Aim of the task → Leave the pictures out and reproduce, exactly, the lines from the one with "Tsuru Cabin | Building T/Tsuru Yamanashi" through the end of the entries below.

[Short descriptive text snippets]
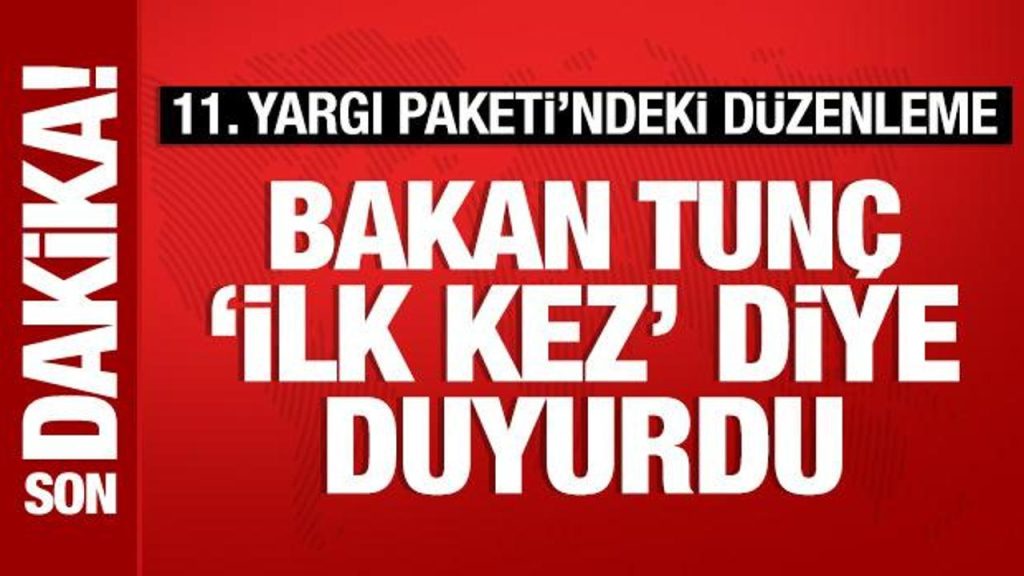 Yargı Paketiyle Ceza Düzenlemeleri ve Çocuk Hakları Güncellemeleri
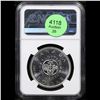 Image 3 : NGC 1964 Canada Dollar $1 Graded ms66 pl By NGC
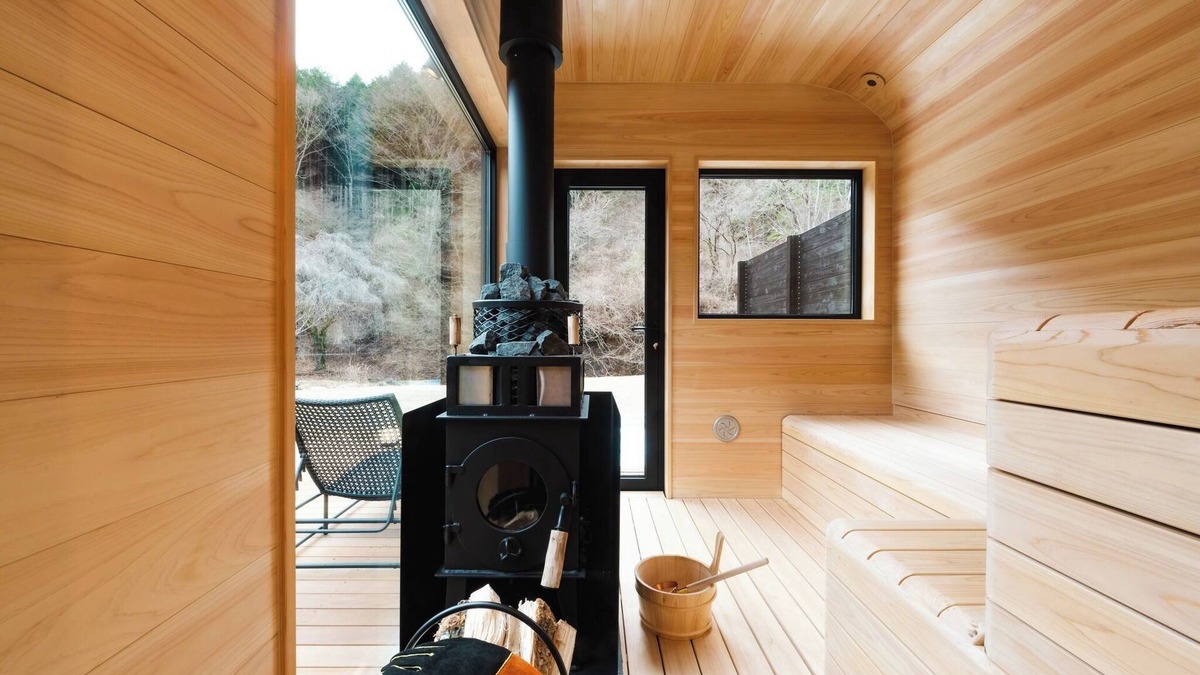 Tsuru Cabin | Building T/Tsuru Yamanashi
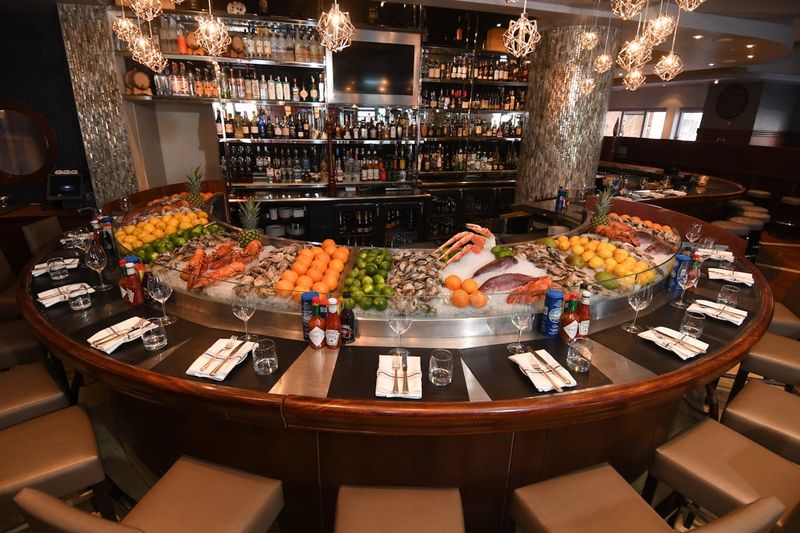 The Oceanaire Seafood Room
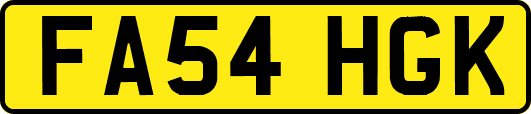 FA54HGK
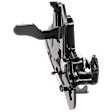 Hood Latch, Sedan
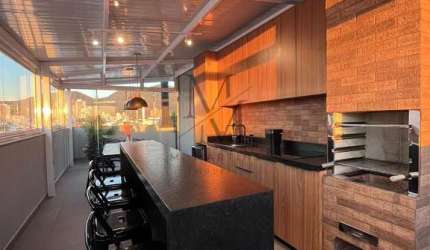 Apartamento à venda no bairro Pedra Branca - Palhoça/SC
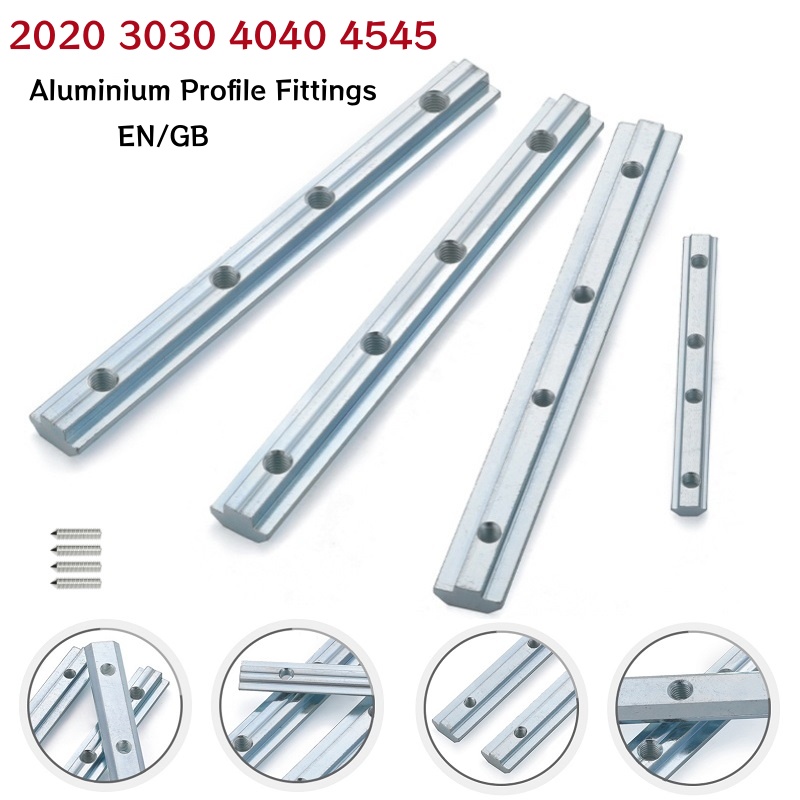 Corner Bracket Angle - V-Slot T-Slot Joiner 2020 3030 4040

Finished task →
 Tsuru Cabin | Building T/Tsuru Yamanashi
 The Oceanaire Seafood Room
 FA54HGK
 Hood Latch, Sedan
 Apartamento à venda no bairro Pedra Branca - Palhoça/SC
 Corner Bracket Angle - V-Slot T-Slot Joiner 2020 3030 4040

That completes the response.